There are some people in the public eye who get their personal style and their brand working as one. Someone who has shown they marry those two together and does a really good job of it is Amal Clooney. It doesn’t matter whether she’s rocking up to a royal wedding or she’s outside some High Commission Court, she is always Amal Clooney. She but she obviously has to work at the most corporate end of law but she still allows herself and her feminine style to come through and she isn’t scared of a bit of colour. She’s really brought her own personality and her own style into her space and and she’s challenging those corporate law environment stereotypes. She’s done that beautifully. And it’s not just because she’s married to George! In fact I think George is the trophy in that relationship!

The other person who I think marries that personal styling and brand is Jennifer Aniston, so someone completely different. I’m not a big JA fan to be honest with you but I really love the fact that she is true to her natural style and her natural beauty. She’s a natural living girl, she’s a Yogi, she’s into her nutrition, she’s into her health. When she steps out on the red carpet she’s never overdone. She really sticks to her true unique brand and style. You can see her personality. That’s what she really wants to sell – herself!

So what is it about you and your personal style that you want to become part of your personal brand? So for me I like to be on the creative side of fashion but not to the point where I’m polarising people. I like to be able to walk into the Queensland Leaders forum and stand out, but not in the wrong way. Appropriation is really important too. It’s all very well to be inspired and aspirational in your dressing, but we also have to find where it might border on appropriation and that’s where a stylist can help.

I do think that if you’re investing your life and your time and your savings into developing your brand then you should seek out some objective views and insights into your style, just like you would go and see someone about SEO or marketing. Really, having a stylist to give you a good guide and set your own blueprint, having a good understanding of what your brand is, what messages you want to sell and what it is you do. From yoga retreat, to writing a book to entrepreneurial coach – we want to be the best version of ourselves and the most natural version of ourselves, with a bit of polish and style on the edges. That way you’ve got the winning formula!

How can we build our sustainable personal brand in a cost conscious way?
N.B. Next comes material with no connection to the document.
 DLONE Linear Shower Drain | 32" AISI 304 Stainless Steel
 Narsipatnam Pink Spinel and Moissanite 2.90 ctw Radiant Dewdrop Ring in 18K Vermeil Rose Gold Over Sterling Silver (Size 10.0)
Sustainability isn’t just about eco fashion and ethical fashion although that is the way forward. You’re doing more than just buying a piece of clothing, you’re advocating or supporting companies that care about their workers. It can also be when you’re buying clothes and accessories that you’re supporting local businesses, whether online or offline. I’m a fan of boutique and more independent chains, but I work with whatever you feel comfortable.

What does sustainability mean to you? Some people just want to wear ethical clothing. That’s great! For me it’s a little bit of lots of different things. It doesn’t mean you’ve got to say goodbye to big brands and that’s why I’m different to ethical fashion bloggers out there. Yes, you’ve got to hold global brands to account, but any brand that’s a global brand has an ethical responsibility to make sure they’re doing the right thing by other people, plants and the world. Let’s not cut them too much slack, but realise you can get really good bang for your buck at Zara and H&M as long as you ensure it’s going to give you mileage. It’s got to feed back into your brand.

As an entrepreneur you need to be really resourceful and keep the cost down so don’t just go out and buy stuff. Think about how it’s going to relate back to your brand. Once you’re an entrepreneur it’s a 24/7 hat that you’re wearing – even turning up to a coffee shop now I have to make some kind of effort, being a stylist! it doesn’t mean that I have to look like I’m going on the red carpet but I actually have to think about what I’m wearing. Luckily you can get away with a lot with activewear as I’m a yoga teacher as well!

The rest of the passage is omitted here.